> AVAILABLE DATA:

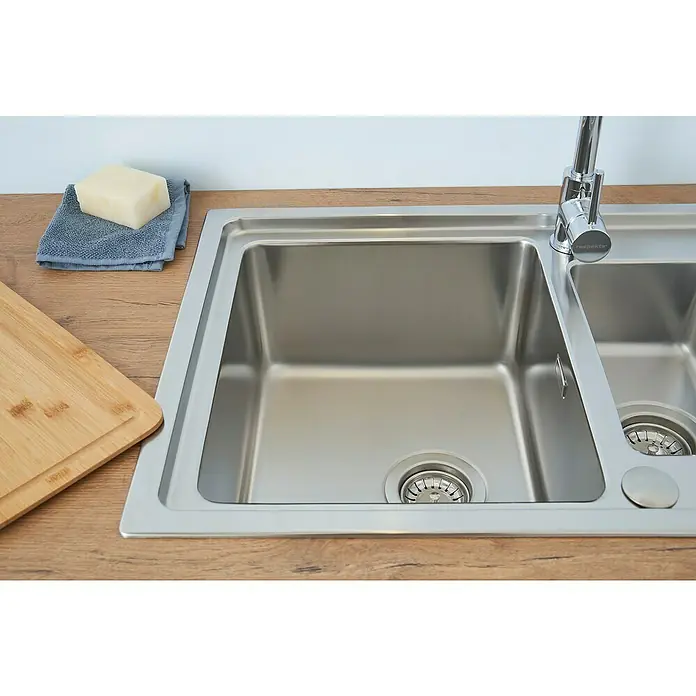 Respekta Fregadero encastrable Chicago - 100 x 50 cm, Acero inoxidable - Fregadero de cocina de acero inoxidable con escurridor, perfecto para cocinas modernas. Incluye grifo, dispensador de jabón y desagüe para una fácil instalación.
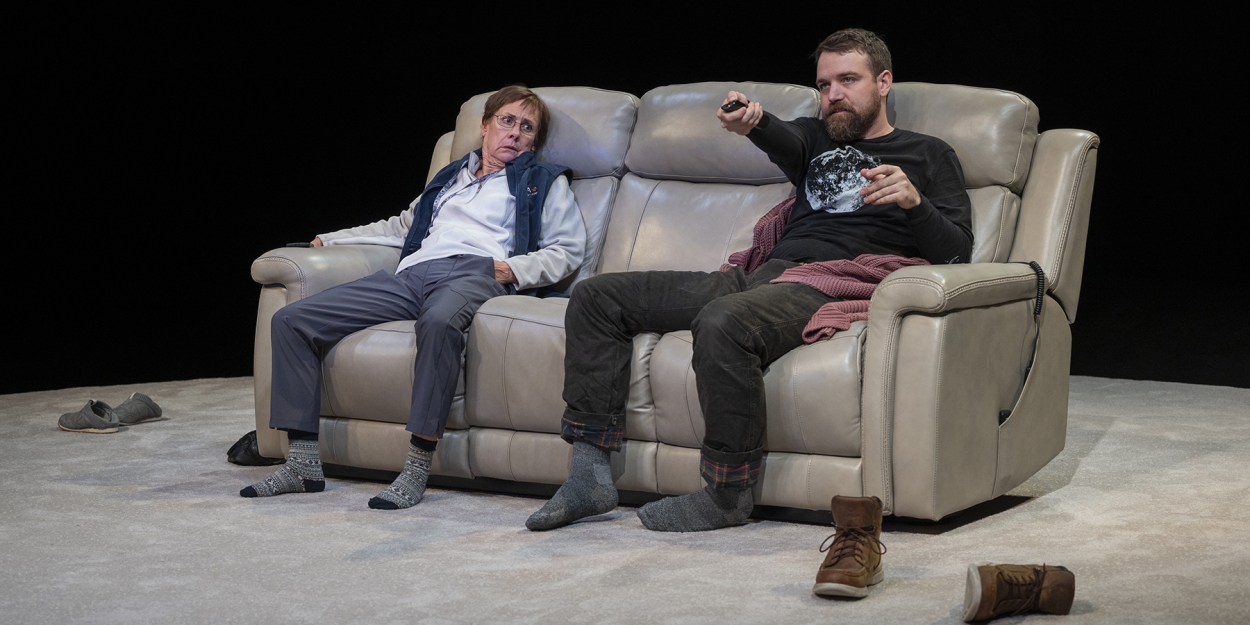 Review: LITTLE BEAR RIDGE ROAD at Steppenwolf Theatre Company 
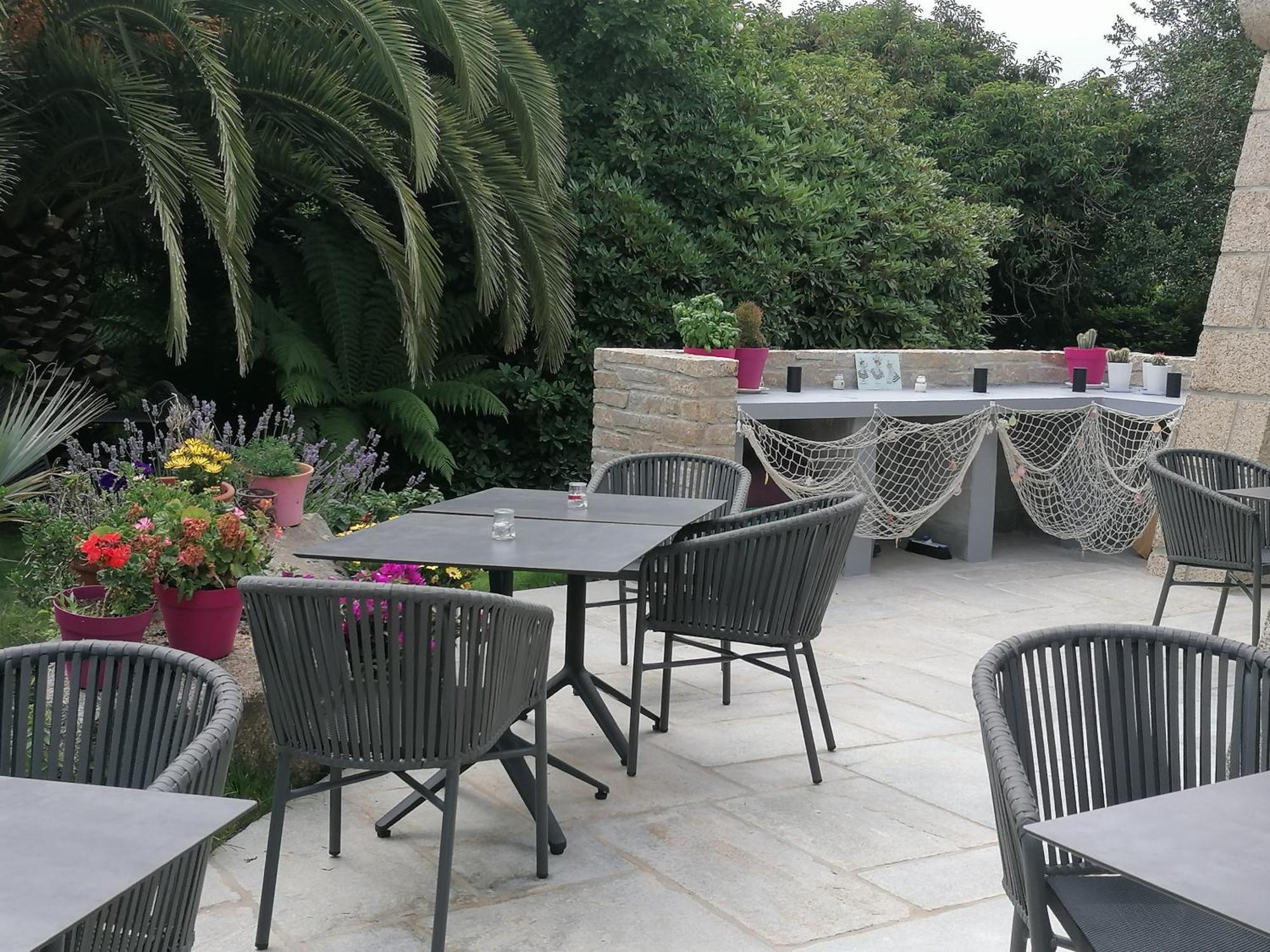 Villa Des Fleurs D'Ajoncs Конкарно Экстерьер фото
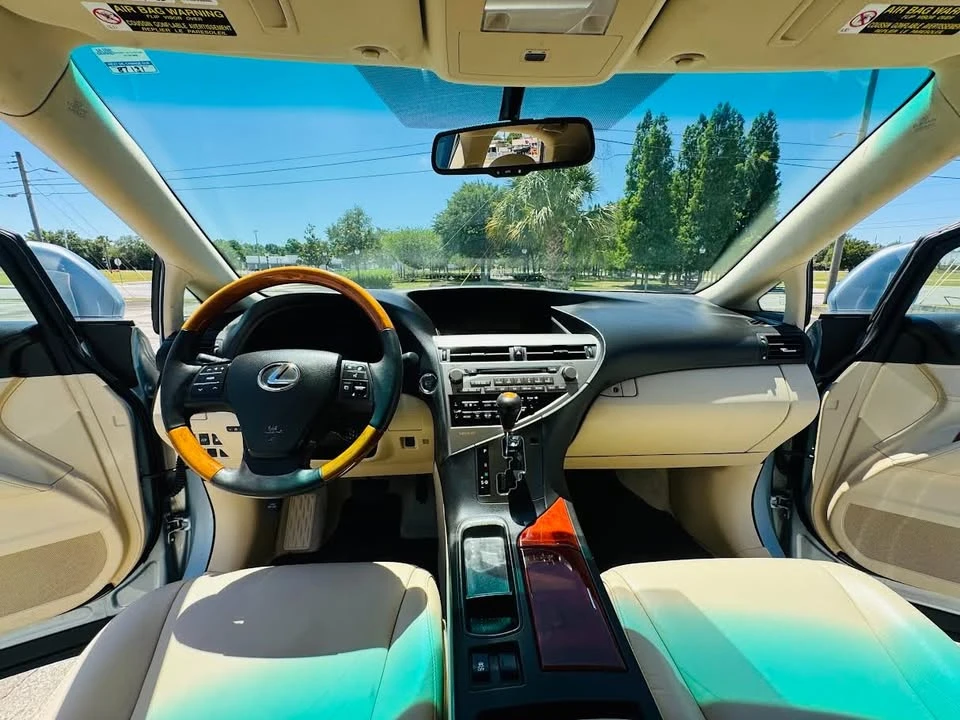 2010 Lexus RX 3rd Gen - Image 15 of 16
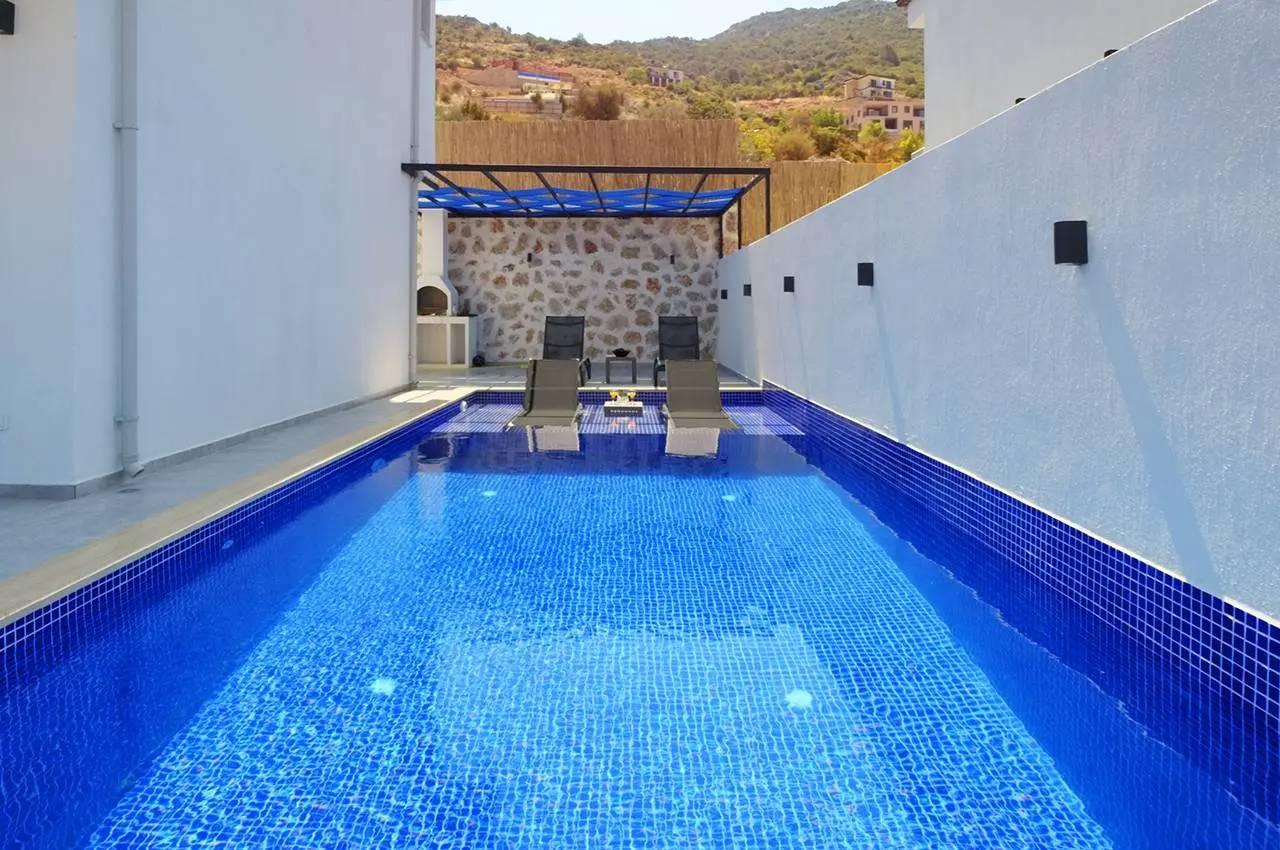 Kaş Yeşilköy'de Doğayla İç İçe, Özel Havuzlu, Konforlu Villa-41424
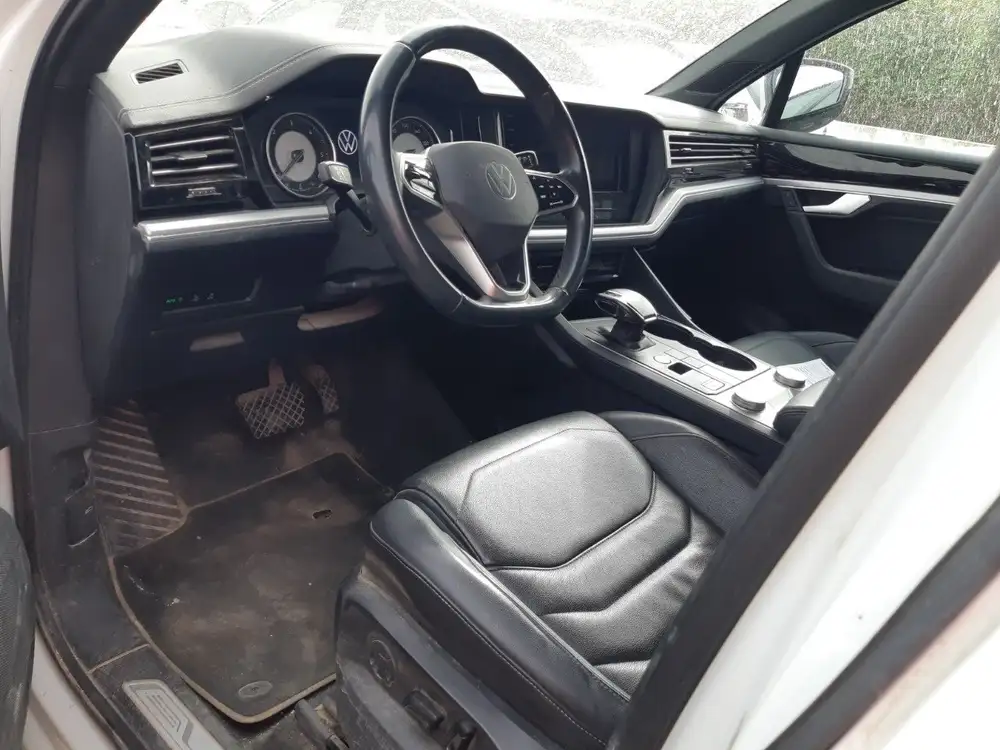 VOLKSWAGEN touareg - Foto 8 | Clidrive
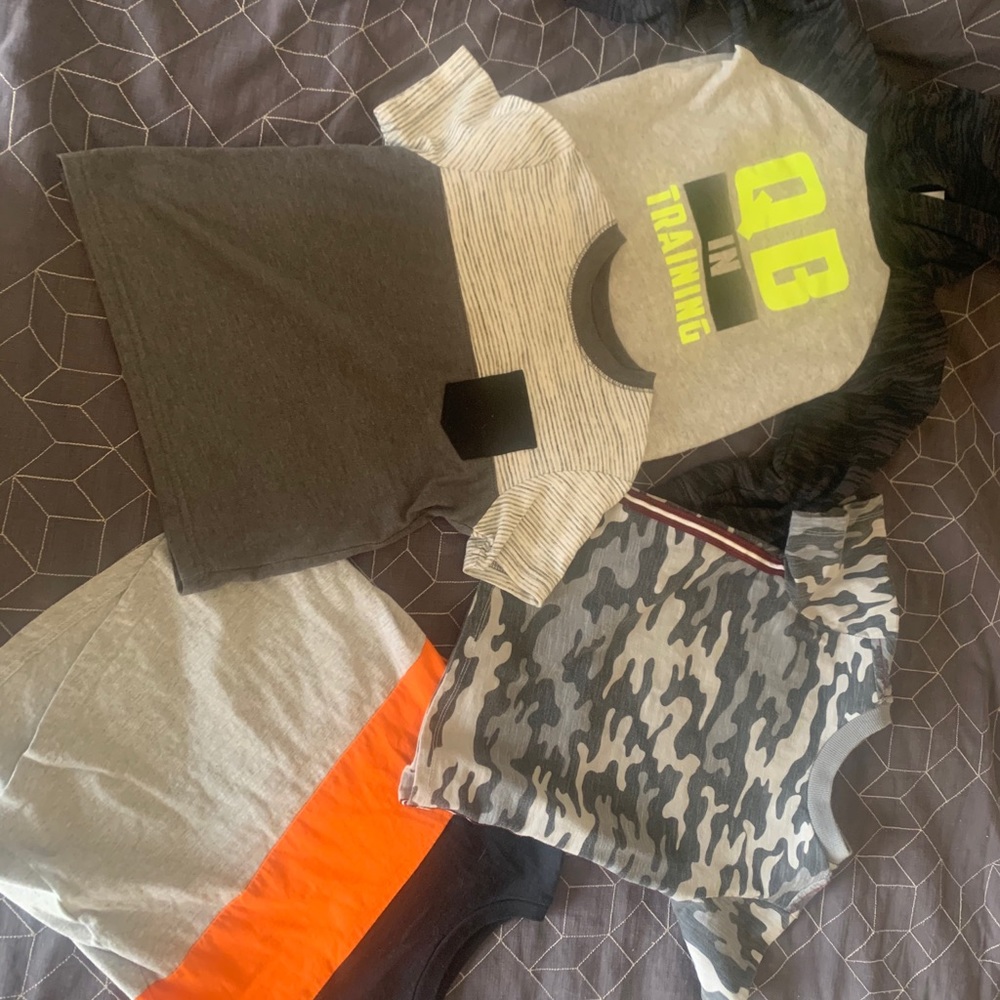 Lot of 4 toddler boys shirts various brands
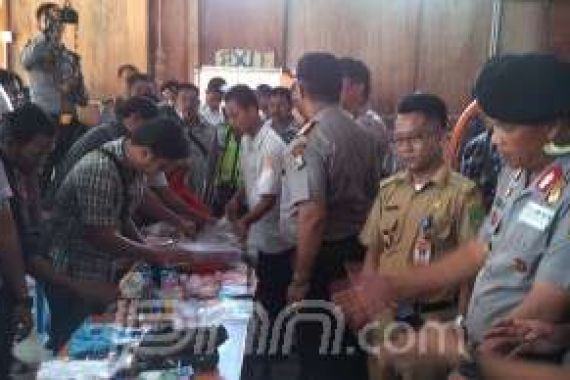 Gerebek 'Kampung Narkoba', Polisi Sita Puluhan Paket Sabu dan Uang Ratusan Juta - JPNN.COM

> PROBLEM REQUIREMENTS: Reproduce each line above exactly, but not a single picture.

> SOLUTION TO THIS TASK:
 Respekta Fregadero encastrable Chicago - 100 x 50 cm, Acero inoxidable - Fregadero de cocina de acero inoxidable con escurridor, perfecto para cocinas modernas. Incluye grifo, dispensador de jabón y desagüe para una fácil instalación.
 Review: LITTLE BEAR RIDGE ROAD at Steppenwolf Theatre Company 
 Villa Des Fleurs D'Ajoncs Конкарно Экстерьер фото
 2010 Lexus RX 3rd Gen - Image 15 of 16
 Kaş Yeşilköy'de Doğayla İç İçe, Özel Havuzlu, Konforlu Villa-41424
 VOLKSWAGEN touareg - Foto 8 | Clidrive
 Lot of 4 toddler boys shirts various brands
 Gerebek 'Kampung Narkoba', Polisi Sita Puluhan Paket Sabu dan Uang Ratusan Juta - JPNN.COM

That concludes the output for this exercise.